• **Task objective**
Search the records for the string "BamBam", then copy each line that has it.
-=-=-
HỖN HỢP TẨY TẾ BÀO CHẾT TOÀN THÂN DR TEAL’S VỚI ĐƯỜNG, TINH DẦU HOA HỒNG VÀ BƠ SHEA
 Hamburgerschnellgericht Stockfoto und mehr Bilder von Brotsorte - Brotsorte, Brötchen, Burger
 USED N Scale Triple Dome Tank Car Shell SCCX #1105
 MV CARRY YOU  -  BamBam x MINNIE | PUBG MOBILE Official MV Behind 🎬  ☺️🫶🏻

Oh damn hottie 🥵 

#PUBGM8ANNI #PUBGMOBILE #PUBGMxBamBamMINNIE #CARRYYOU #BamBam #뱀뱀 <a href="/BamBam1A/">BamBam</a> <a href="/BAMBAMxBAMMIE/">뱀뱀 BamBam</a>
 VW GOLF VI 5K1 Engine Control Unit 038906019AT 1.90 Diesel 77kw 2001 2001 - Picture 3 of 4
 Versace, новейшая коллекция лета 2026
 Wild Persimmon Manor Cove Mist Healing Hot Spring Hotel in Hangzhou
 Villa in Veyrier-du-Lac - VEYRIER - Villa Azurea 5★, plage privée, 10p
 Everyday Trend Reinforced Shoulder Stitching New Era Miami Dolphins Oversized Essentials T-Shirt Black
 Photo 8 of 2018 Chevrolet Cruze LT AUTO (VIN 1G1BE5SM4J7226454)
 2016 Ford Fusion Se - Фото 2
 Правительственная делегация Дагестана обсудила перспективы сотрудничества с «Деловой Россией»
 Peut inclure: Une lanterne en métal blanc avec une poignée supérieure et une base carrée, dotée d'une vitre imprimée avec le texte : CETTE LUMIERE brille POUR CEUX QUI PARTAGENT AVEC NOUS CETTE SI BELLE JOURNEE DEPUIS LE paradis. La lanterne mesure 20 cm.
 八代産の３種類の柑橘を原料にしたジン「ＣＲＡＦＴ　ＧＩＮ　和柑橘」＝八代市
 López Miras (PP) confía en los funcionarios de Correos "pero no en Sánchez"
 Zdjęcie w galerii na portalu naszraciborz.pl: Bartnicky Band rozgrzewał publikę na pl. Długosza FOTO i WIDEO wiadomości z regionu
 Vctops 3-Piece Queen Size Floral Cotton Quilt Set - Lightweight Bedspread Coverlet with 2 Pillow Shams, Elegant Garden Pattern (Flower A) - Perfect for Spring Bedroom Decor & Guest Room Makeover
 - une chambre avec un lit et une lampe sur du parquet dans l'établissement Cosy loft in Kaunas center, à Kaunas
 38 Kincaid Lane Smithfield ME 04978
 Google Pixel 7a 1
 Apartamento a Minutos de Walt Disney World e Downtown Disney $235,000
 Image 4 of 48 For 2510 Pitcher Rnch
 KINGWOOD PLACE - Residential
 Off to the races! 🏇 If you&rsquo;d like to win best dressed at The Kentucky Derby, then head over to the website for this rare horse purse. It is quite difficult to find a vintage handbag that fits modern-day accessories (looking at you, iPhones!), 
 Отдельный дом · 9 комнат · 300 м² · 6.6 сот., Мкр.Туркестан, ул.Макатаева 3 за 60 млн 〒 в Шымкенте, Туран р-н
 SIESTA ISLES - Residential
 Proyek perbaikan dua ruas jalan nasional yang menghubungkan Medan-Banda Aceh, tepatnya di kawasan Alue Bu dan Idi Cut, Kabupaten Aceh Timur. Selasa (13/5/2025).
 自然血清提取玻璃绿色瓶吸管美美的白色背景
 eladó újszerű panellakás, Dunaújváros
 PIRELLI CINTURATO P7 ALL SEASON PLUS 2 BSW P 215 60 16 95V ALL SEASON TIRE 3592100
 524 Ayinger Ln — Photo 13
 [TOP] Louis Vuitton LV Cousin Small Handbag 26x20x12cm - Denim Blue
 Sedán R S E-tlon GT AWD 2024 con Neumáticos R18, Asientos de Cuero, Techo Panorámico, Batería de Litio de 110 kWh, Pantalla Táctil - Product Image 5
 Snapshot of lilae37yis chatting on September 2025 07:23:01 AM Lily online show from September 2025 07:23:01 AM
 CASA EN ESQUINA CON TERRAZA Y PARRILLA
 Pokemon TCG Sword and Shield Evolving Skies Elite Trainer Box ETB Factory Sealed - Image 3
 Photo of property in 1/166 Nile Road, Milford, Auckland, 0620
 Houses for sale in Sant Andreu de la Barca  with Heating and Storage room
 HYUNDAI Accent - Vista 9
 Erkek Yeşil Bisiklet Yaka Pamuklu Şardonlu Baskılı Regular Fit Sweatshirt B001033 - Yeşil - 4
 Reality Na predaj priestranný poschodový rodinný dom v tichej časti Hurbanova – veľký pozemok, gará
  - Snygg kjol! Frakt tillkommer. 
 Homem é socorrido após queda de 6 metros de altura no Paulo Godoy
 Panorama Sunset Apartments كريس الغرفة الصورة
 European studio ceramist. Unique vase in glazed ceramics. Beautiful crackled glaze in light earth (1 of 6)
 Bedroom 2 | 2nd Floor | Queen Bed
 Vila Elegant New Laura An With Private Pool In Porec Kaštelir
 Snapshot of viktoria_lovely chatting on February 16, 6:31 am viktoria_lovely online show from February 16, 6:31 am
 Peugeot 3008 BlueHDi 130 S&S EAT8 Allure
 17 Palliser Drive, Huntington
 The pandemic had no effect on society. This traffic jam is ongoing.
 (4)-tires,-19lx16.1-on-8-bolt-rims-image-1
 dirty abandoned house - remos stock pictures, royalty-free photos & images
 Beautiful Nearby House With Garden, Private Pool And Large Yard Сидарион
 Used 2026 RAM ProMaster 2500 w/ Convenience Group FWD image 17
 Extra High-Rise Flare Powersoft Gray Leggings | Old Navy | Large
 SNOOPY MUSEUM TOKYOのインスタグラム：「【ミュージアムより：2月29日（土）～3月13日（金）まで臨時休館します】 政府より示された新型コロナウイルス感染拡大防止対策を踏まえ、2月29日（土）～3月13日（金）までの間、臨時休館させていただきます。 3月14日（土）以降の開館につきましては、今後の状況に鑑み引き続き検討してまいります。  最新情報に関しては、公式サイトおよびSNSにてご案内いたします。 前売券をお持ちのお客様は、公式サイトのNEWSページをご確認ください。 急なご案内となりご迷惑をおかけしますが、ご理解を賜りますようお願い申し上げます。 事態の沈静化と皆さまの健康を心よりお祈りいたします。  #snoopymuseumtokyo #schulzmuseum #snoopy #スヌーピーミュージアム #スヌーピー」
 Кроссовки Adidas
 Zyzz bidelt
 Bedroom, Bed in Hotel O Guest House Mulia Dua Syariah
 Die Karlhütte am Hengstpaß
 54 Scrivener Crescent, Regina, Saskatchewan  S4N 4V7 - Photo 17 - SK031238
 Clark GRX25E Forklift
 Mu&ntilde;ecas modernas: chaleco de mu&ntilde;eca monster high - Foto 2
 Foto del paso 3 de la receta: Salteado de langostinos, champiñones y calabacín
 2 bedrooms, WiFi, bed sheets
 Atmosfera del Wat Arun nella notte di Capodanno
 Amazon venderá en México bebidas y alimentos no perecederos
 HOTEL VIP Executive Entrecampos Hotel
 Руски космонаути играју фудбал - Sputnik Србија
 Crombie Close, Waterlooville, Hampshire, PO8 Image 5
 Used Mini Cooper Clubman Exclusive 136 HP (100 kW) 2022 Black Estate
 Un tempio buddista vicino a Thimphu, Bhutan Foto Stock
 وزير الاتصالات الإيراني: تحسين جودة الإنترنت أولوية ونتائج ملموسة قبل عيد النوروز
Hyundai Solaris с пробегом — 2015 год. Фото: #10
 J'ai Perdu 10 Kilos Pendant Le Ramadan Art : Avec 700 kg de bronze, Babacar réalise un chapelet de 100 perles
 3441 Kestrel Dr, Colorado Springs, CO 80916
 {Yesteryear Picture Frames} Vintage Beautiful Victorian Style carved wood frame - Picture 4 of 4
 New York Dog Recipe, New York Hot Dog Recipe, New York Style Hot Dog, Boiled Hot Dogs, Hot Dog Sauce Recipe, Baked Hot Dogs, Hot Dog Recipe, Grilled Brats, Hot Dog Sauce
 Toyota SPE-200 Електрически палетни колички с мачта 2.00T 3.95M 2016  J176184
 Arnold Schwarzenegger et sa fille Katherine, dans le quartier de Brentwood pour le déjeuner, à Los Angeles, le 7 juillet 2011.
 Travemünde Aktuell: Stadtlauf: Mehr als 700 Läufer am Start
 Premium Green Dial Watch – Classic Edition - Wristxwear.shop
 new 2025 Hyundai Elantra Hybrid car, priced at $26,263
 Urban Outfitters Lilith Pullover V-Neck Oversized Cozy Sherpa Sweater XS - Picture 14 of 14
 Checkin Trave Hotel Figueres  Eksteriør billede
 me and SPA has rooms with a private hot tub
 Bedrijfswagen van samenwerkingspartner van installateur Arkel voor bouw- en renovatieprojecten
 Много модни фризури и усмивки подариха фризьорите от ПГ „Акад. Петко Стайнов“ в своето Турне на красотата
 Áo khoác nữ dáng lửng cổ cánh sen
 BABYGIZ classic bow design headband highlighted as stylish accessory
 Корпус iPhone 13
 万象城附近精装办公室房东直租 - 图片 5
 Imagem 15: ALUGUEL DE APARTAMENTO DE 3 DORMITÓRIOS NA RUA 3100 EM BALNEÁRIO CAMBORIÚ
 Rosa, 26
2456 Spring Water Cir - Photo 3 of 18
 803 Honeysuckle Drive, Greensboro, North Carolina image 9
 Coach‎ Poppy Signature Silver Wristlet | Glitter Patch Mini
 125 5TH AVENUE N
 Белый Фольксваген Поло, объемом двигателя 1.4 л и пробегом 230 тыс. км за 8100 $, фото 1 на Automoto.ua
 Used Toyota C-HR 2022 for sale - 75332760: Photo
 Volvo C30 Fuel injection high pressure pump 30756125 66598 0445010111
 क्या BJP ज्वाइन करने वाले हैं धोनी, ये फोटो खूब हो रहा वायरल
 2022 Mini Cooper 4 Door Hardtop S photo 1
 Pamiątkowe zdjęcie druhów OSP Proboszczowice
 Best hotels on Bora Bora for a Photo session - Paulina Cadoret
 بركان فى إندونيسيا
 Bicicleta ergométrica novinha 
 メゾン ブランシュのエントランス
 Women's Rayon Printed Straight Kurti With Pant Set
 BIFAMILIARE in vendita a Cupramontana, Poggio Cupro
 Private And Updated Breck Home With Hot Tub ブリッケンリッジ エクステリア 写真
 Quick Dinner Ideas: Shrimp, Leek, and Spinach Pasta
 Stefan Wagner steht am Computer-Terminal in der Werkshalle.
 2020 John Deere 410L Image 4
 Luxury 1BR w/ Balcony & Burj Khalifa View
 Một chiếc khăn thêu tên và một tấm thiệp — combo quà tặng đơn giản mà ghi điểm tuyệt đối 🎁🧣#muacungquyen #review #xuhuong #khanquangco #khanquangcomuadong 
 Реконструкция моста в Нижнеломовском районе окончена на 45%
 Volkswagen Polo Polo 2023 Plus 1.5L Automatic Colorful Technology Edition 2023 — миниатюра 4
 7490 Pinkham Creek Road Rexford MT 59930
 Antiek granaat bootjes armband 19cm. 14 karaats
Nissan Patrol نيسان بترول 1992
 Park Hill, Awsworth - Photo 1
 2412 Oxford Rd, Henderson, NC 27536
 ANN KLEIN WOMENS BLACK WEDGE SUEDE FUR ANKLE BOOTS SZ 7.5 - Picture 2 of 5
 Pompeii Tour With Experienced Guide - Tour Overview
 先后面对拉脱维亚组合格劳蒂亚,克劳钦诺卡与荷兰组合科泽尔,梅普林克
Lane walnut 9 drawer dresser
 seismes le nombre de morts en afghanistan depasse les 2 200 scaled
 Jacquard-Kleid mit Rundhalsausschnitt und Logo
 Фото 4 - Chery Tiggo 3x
-=-=-
• **Output of the exercise**
 MV CARRY YOU  -  BamBam x MINNIE | PUBG MOBILE Official MV Behind 🎬  ☺️🫶🏻
#PUBGM8ANNI #PUBGMOBILE #PUBGMxBamBamMINNIE #CARRYYOU #BamBam #뱀뱀 <a href="/BamBam1A/">BamBam</a> <a href="/BAMBAMxBAMMIE/">뱀뱀 BamBam</a>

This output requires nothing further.